I am sorry if this is a trivial issue, that is explained somewhere. If
so, please point me in that direction.
Nevertheless, when doing some experiments with SWI Prolog and GNU
Prolog, I found out some different behavior on some simple things:

This is my SWI Prolog run:

?- [user].
|: f(a,b).
|: f(c,d).
|: f(a,d).
|: % user://1 compiled 0.00 sec, 5 clauses
true.

?- f(X,b).
X = a.

?- f(a,X).
X = b ;
X = d.

?- f(X,d).
X = c ;
X = a.

In fact, SWI Prolog never says true/false/yes/no.
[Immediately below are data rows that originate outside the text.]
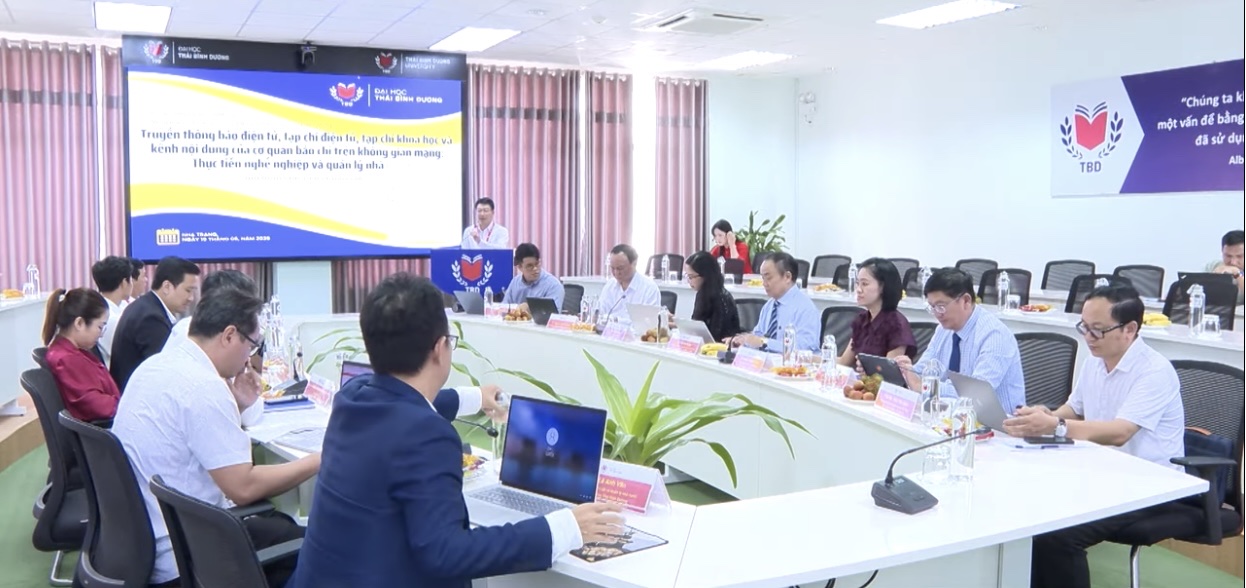Quang cảnh hội thảo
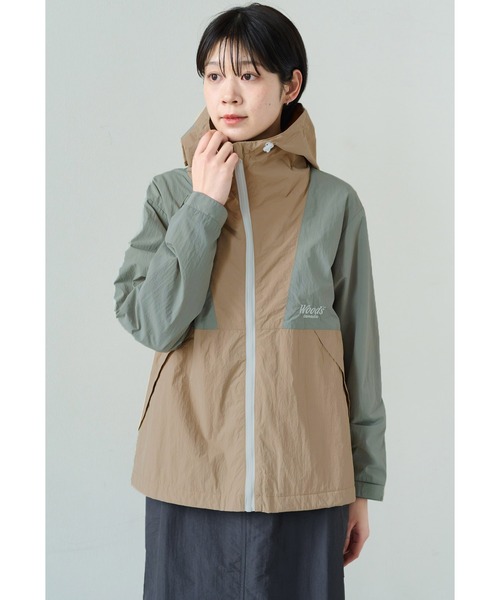 IEDIT(イディット)の「IEDIT WOODSコラボ 微起毛裏地付きのバイカラーアノラック風ジャケット〈ライトカーキ×ベージュ〉(その他アウター・レディース・ベージュ系その他・M/L/LL/3L/S)」の4枚目の写真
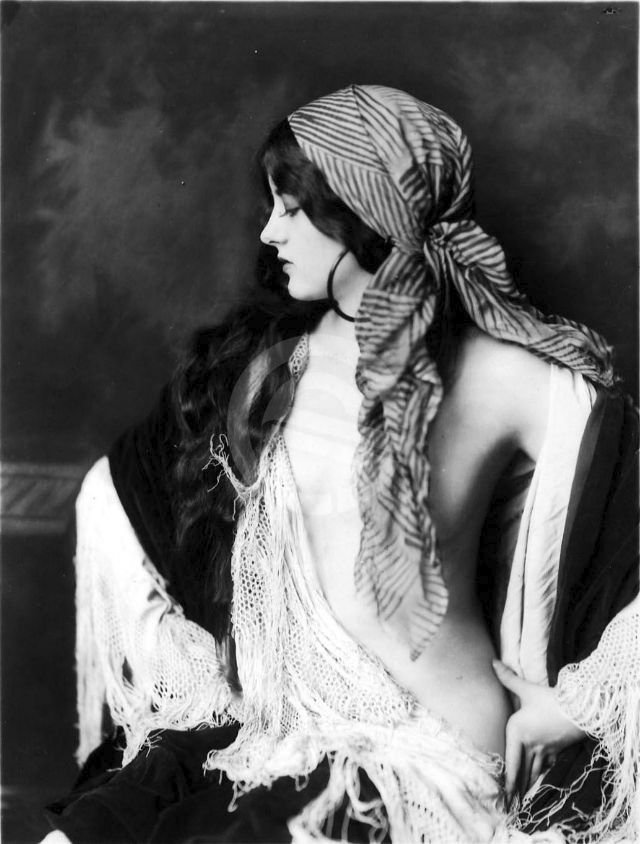 Ziegfeld Follies: Sexy tanečnice, označované jako nejkrásnější dívky všech ...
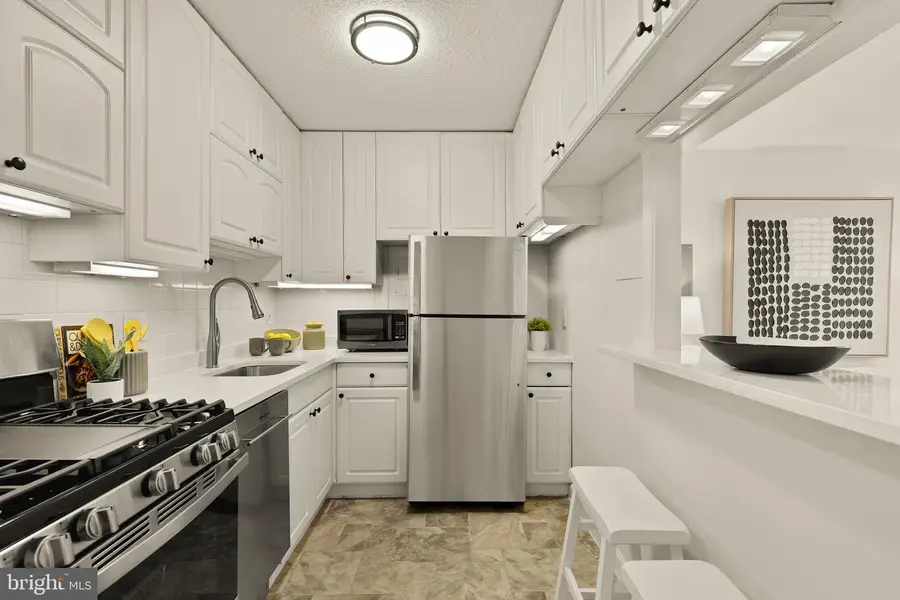 1301 20th St Nw #817, Washington, DC 20036 - #2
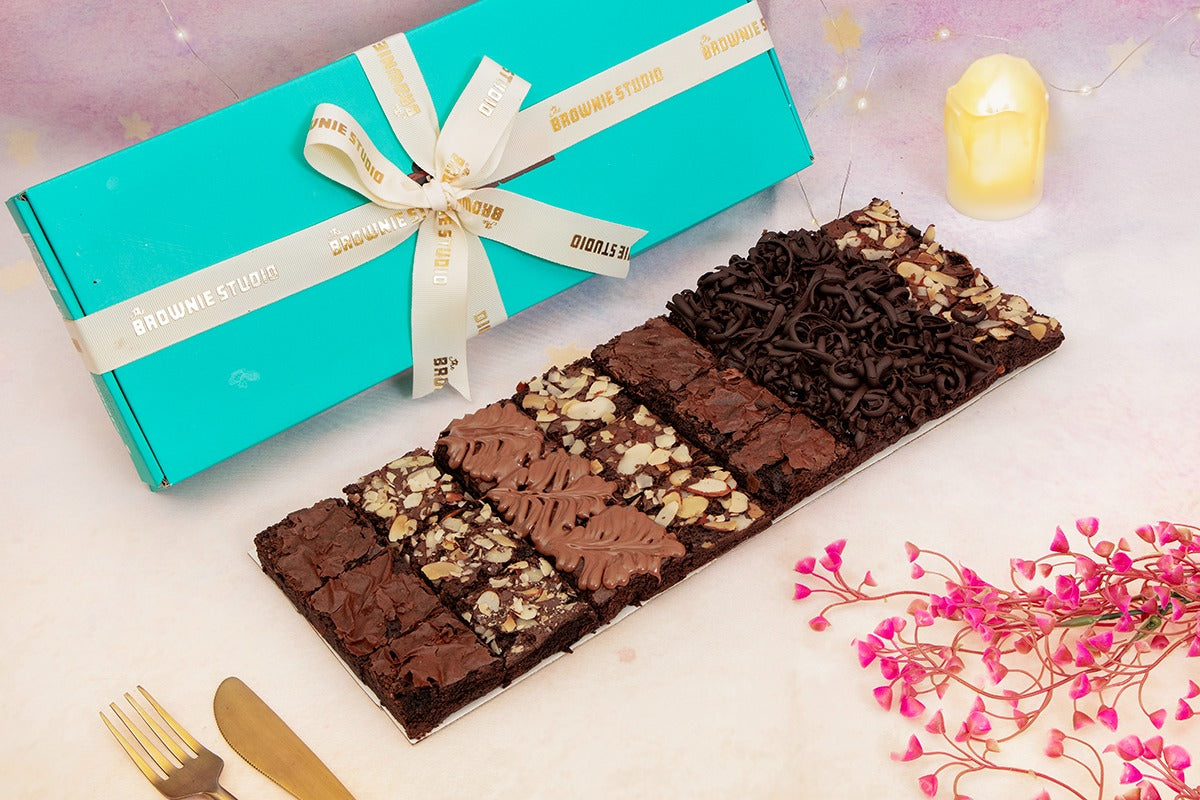 Eggless Assorted Dessert Brownie  New Year Hamper - 24 pcs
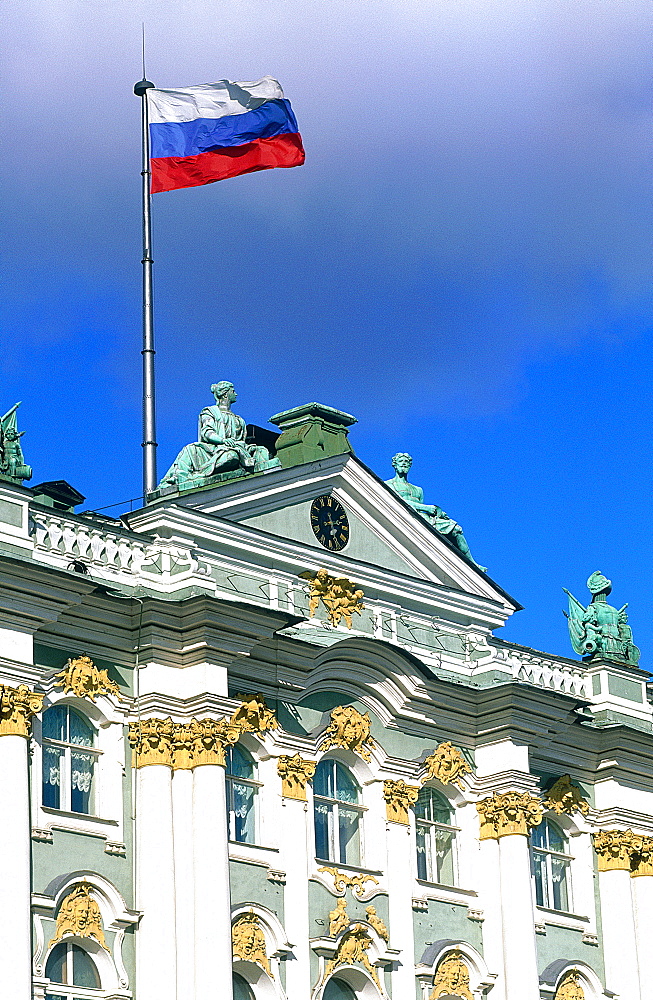 Russia, St-Petersburg, The Winter Palace (Now Hermitage Museum) Front With Russian Federation Flag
It just show the
possible results.

In GNU Prolog I get this:

| ?- [user].
compiling user for byte code...
f(a,b).
f(c,d).
f(a,d).

user compiled, 4 lines read - 331 bytes written, 9192 ms

yes
| ?- f(X,b).

X = a ? ;

no
| ?- f(a,X).

X = b ? ;

X = d

yes
| ?- f(X,d).

X = c ? ;

X = a

(1 ms) yes

Although I can understand the 'yes' answer, I can't get why in the
first iteration GNU Prolog stopped and gave me the chance to ask for
more solutions (while in the next two it didn't). And, why did it say
"no" (ok, it said no because it didn't find any other solution, but
then, why did it try to get more solutions in that case?)

Thank you
Kindest regards,
Alberto

-- 
Alberto Simões